US-Präsident Bush empfängt Kriegsgegner Putin auf seinem Landsitz – Zugeständnisse macht der Gast aber nicht

Nicht jeden Gast begrüßt George W. Bush so freundschaftlich. Als Russlands Präsident Wladimir Putin in Camp David aus dem Hubschrauber stieg, empfing ihn der US-Präsident mit einer Umarmung. Bundeskanzler Gerhard Schröder hatte sich wenige Tage zuvor noch mit einem höflichen Händedruck begnügen müssen. Dabei hatte Putin zusammen mit Schröder und dem französischen Staatschef Jacques Chirac zu den erklärtesten Gegnern des Irak-Krieges gehört. Doch im Gegensatz zu Schröder und Chirac konnte Putin sich trotz dieser Haltung ein freundschaftliches Verhältnis zu Bush bewahren. Und so war der russische Präsident der einzige der vielen zur UN-Vollversammlung angereisten Staats- und Regierungschefs, der auf Bushs Landsitz Camp David eingeladen wurde.

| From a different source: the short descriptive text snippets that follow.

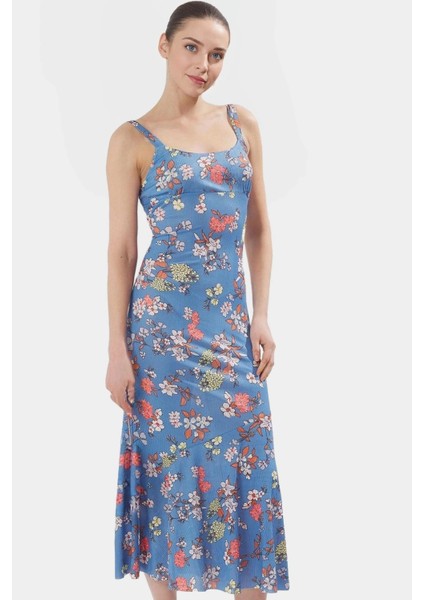 Maxi Elbise Çiçekli Desenli Bodycon Kalıp 94 Polyester 6 Elastan Yazlık Uzun Ömürlü Rahat ve Şık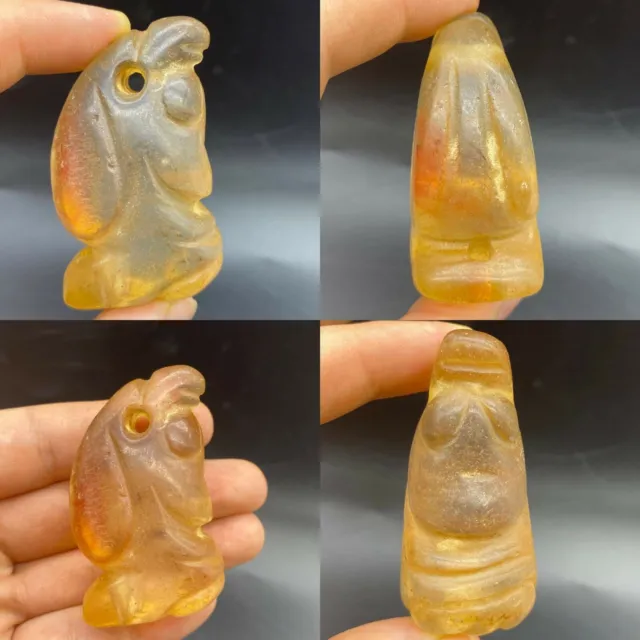 Old Ancient Antique Pyu Culture Hand Carved Crystal Horse Figure pendant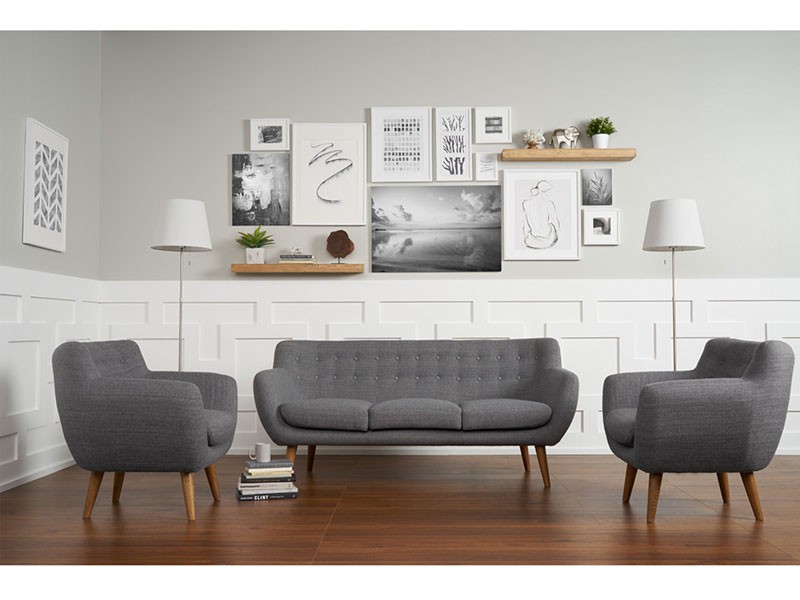 Rhodes Mid-Century Modern 3 Piece Living Set Steel Grey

Ganz oben auf der Tagesordnung standen zwei Themen, bei denen beide Länder in der Vergangenheit sehr unterschiedlicher Meinung waren: die Situation im Nachkriegs-Irak und das Atomprogramm Irans. Die USA erhoffen sich von Putin Unterstützung für die Irak-Resolution, mit der Washington den Weg für eine multinationale Truppe unter US-Kommando freimachen will. Putin hatte bereits in seiner Rede vor der UN-Vollversammlung deutlich gemacht, dass die Vereinten Nationen im Irak wieder eine zentrale Rolle spielen müssen – darin stimmt er mit Frankreich und Deutschland überein. Auf der anderen Seite kritisierte der russische Präsident während seines USA-Aufenthalts die Irak-Politik des Gastgebers mit keinem Wort. Und schon vor dem Treffen in Camp David kamen aus Russland deutliche Signale, die auf eine Bereitschaft zu einer Zusammenarbeit mit Washington hindeuteten. Selbst eine Beteiligung von russischen Truppen im Irak schloss Putin nicht aus.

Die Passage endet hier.